1. Illium, S., Müller, R., Sedlmeier, A., and Linnhoff-Popien, C. 2020. Surgical Mask Detection with Convolutional Neural Networks and Data Augmentations on Spectrograms. Proc. Interspeech 2020, 2052–2056.

This study investigates the efficacy of various data augmentation techniques applied directly to mel-spectrogram representations of audio data for improving classification performance. The specific task addressed is the detection of surgical mask usage based on human speech signals, a relevant problem in paralinguistics and audio analysis.

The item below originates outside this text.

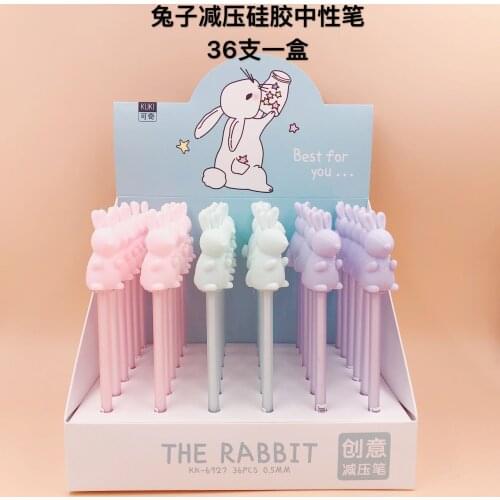 36pcs Gel Pens Kawai Rabbit black gel-ink Pen Student pens for writing Cute stationery office school supplies 0.5mm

We systematically evaluated the impact of data augmentation when training Convolutional Neural Networks (CNNs) for this binary classification task. The input to the networks consisted of mel-spectrograms derived from voice samples. The effectiveness of augmentation strategies (such as frequency masking, time masking, or combined approaches like SpecAugment) was assessed across four different CNN architectures.

Examples of mel-spectrograms of speech with and without a surgical mask
Mel-spectrogram representations of speech signals used as input for CNNs.


The core finding of this research is that applying appropriate data augmentation directly to the spectrogram inputs significantly enhances the performance and generalization capabilities of the CNN models for surgical mask detection. The augmented models demonstrated improved accuracy, robustness, and notably surpassed many established benchmark results from the relevant ComParE (Computational Paralinguistics Challenge) tasks. This highlights the importance of data augmentation as a crucial component in building effective deep learning models for audio classification, particularly when dealing with limited or variable datasets. For a detailed description of the methods and results, please refer to [Illium et al. 2020].

Diagrams illustrating the different CNN architectures tested
Overview of the different Convolutional Neural Network architectures evaluated.